__DESCRIPTION OF THE TASK__
Transcribe the listing below word for word but skip its images.

__PROVIDED DATA__
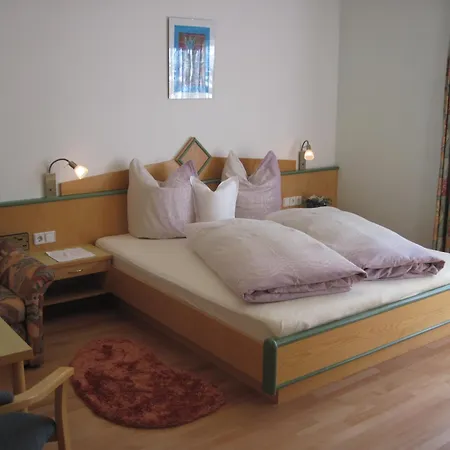 Pensión Frühstückspension&ferienhaus Fädnerspitze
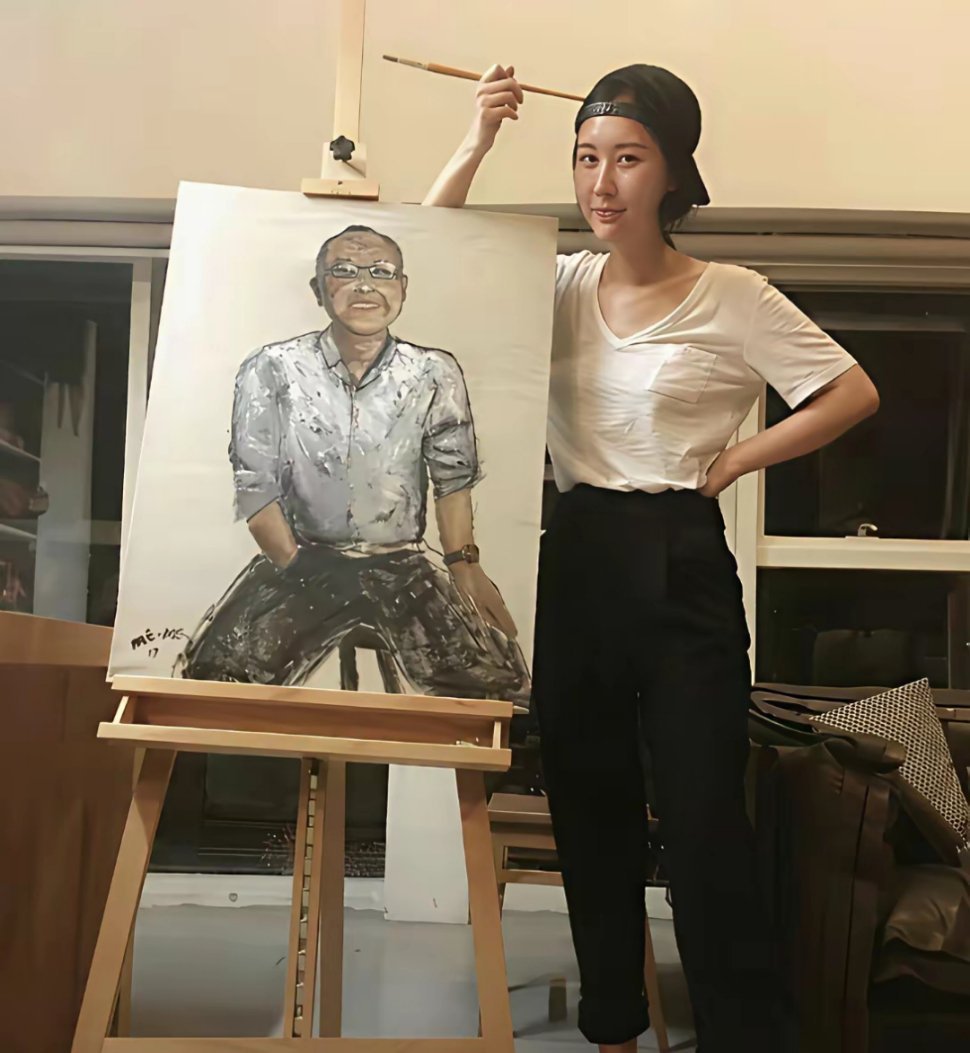 田朴珺这画的是谁呀？怎么觉得有点诡异…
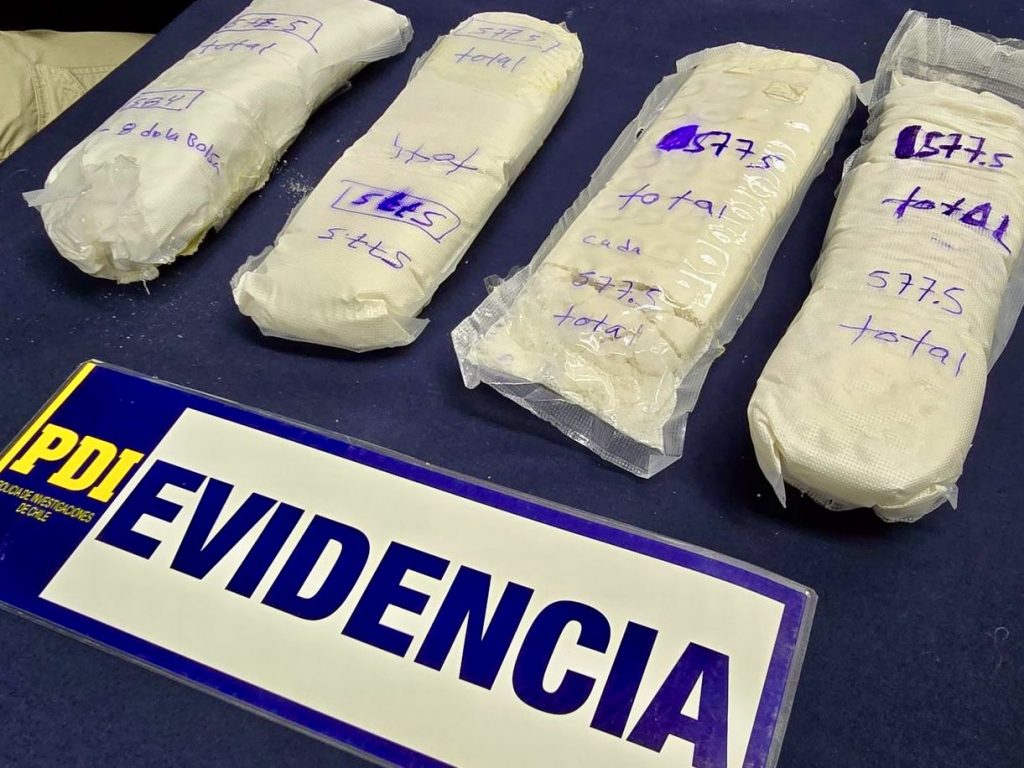 PDI detiene a dos mujeres en Arica con más de 2 kilos de ketamina oculta en su calzado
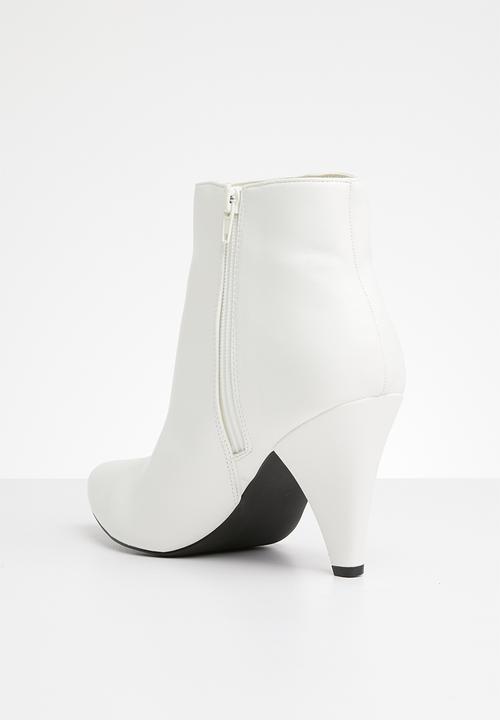 Superbalist - Sade cone heel boot - white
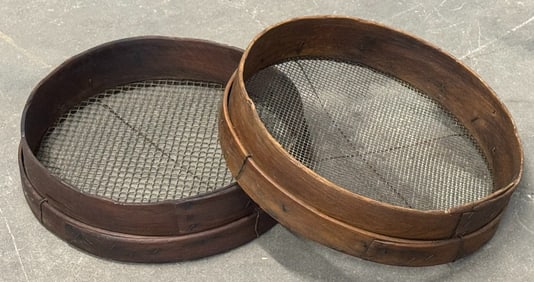 Vintage 18" Round Bent Wood Flour Grain Dry Sifter Screen Sieve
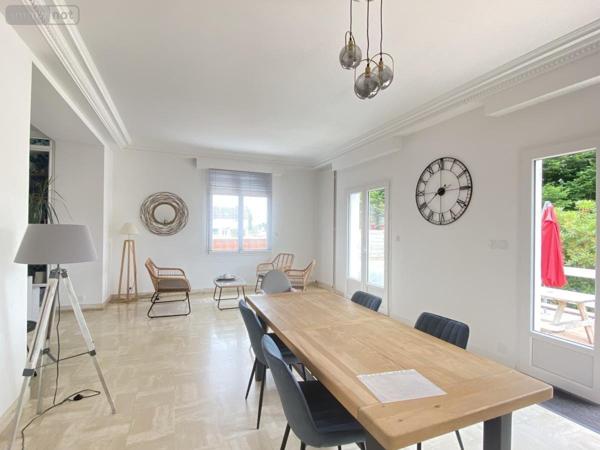 Maison à vendre à Loudéac dans les Côtes-d'Armor (22600), ref : 22110-2102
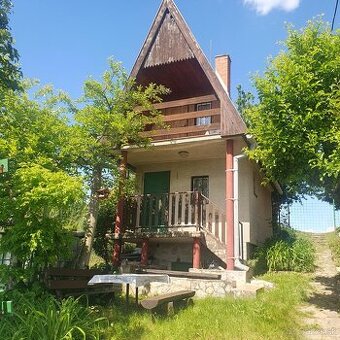 Predám domček zo záhradou a vinicou, chatka, hajlok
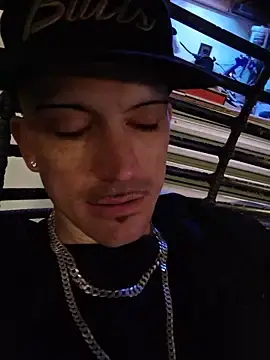 Stripchat Free Live Porn of Twist_N_Tease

__OUTPUT OF THE TASK__
 Pensión Frühstückspension&ferienhaus Fädnerspitze
 田朴珺这画的是谁呀？怎么觉得有点诡异…
 PDI detiene a dos mujeres en Arica con más de 2 kilos de ketamina oculta en su calzado
 Superbalist - Sade cone heel boot - white
 Vintage 18" Round Bent Wood Flour Grain Dry Sifter Screen Sieve
 Maison à vendre à Loudéac dans les Côtes-d'Armor (22600), ref : 22110-2102
 Predám domček zo záhradou a vinicou, chatka, hajlok
 Stripchat Free Live Porn of Twist_N_Tease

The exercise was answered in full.